The records of the Bank of England court of directors – its board – were published on foot of a transparency drive by its governor Mark Carney. The release of hundreds of pages of records from 2007-09 follows demands from MPs, who are scrutinising how the Bank of England grappled with the crisis.
The British documents emerge as the Oireachtas inquiry awaits records from the Central Bank, one of several institutions to which it sent a request for documents in the days before Christmas.
The panel of TDs and Senators will conduct a public hearing next Thursday with Central Bank governor Patrick Honohan, its third witness. It is seeking the board records of the Central Bank from the late 1990s until 2013 ahead of hearings with political figures, bankers and regulators.
The Central Bank worked under various legal mandates in that time. Board appointments records and board subcommittee minutes were also sought.
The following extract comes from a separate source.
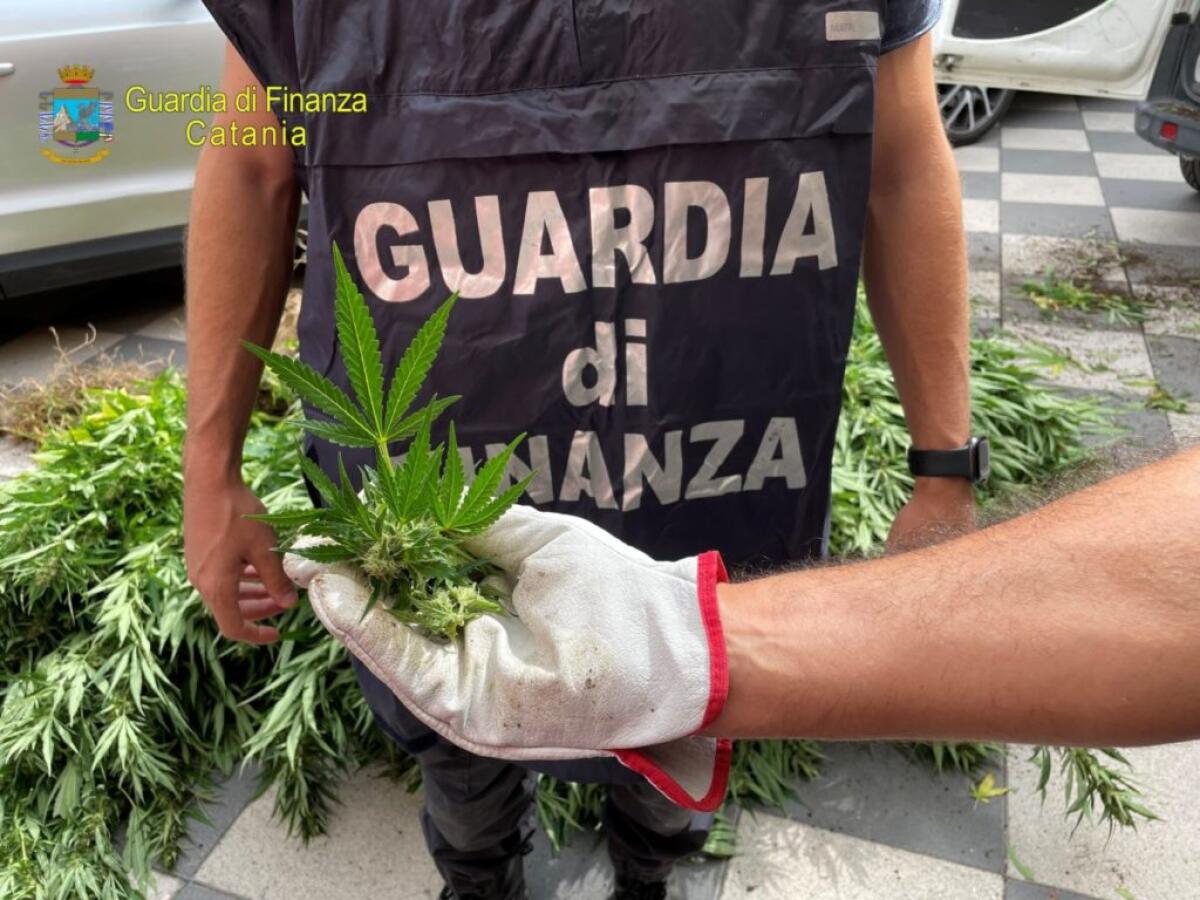 SEQUESTRATA A SCORDIA UNA PIANTAGIONE DI TIPO PROFESSIONALE.  ARRESTATI DUE PERSONE -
In his 2010 report on the crash, Prof Honohan found that Central Bank minutes and those of then financial services regulatory authority typically recorded “only the broad consensus” on issues discussed and decisions taken.
“They do not describe in any detail the frequent debates and often significant differences of opinion that, according to board and authority members interviewed for this report, existed on some issues, especially the possible risks to financial stability,” he said.
The Bank of England records point to disarray on its board, with directors in the dark about the extent of problems in Northern Rock at the outset of crisis.
Scant reference is made to Ireland – the only mention of the guarantee is in a minute on October 15th, 2008, two weeks after the intervention to underwrite all debts of Irish banks.
“It was noted that the past month had been traumatic for financial markets and the banking system. In the US, Lehman Brothers had failed, Merrill Lynch had been sold and AIG had been taken into quasi-public ownership,” it said.
“These events had illustrated that the crisis had become much more serious. It was suggested that the failure of Lehman Brothers would be viewed as the date that triggered the crisis but it was not the underlying cause.” The Irish guarantee was cited as an example of the lack of international co-ordination, which “proved to be as much a trigger for the crisis” as Lehman.
“One of the maxims of the central banking and regulatory community over the past decade had been that no institution was too big to fail, but it was apparent that some were too large to wind down in an orderly way. Attempting to do that had tipped the system into the final throws [sic] of a crisis.”
A quarterly financial stability report in a minute on February 12th, 2009, said the position of the Irish banks in Britain was one of two particular areas of focus. This involved “intensive monitoring and contingency planning”.